* **Problem details**: Count the lines in the listing below that hold the string "Road". Reply with the number alone.

* **Provided records**:

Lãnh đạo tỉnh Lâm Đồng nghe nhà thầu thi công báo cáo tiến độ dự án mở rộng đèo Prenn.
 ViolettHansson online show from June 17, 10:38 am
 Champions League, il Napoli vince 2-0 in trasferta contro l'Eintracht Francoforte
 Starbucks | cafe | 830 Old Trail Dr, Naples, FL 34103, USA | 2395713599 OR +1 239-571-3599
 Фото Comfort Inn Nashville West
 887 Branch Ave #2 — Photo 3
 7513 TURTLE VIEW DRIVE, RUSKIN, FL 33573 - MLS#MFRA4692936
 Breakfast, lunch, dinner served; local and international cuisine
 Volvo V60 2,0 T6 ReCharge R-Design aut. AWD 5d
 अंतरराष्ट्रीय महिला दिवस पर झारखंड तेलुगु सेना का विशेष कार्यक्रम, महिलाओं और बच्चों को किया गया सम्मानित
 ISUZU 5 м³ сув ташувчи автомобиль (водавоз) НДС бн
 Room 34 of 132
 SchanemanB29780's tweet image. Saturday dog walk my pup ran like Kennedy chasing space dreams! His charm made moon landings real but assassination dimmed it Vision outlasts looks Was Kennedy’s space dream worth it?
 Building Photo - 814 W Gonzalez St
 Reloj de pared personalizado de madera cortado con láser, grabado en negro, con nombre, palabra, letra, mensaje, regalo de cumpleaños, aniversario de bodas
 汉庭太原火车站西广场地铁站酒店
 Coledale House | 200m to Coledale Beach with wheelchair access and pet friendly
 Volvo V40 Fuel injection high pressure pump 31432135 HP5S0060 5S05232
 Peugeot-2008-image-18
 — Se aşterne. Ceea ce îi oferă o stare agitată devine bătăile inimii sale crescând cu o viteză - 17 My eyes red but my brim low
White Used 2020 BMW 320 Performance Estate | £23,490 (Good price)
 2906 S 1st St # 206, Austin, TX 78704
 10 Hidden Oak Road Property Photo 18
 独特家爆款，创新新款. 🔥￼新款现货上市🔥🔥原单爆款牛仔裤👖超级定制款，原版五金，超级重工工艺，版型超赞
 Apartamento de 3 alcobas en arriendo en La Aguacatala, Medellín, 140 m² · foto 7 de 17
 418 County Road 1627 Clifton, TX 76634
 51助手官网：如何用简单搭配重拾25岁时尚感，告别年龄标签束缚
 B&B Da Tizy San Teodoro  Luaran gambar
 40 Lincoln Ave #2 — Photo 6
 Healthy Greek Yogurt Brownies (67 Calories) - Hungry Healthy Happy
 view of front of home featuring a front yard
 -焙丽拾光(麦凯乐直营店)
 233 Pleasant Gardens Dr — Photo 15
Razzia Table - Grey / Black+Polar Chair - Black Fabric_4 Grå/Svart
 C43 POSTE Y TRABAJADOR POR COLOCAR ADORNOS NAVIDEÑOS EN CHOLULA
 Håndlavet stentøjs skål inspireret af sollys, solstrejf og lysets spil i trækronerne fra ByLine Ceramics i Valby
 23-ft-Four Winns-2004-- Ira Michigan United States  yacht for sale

* **Problem solution**: 2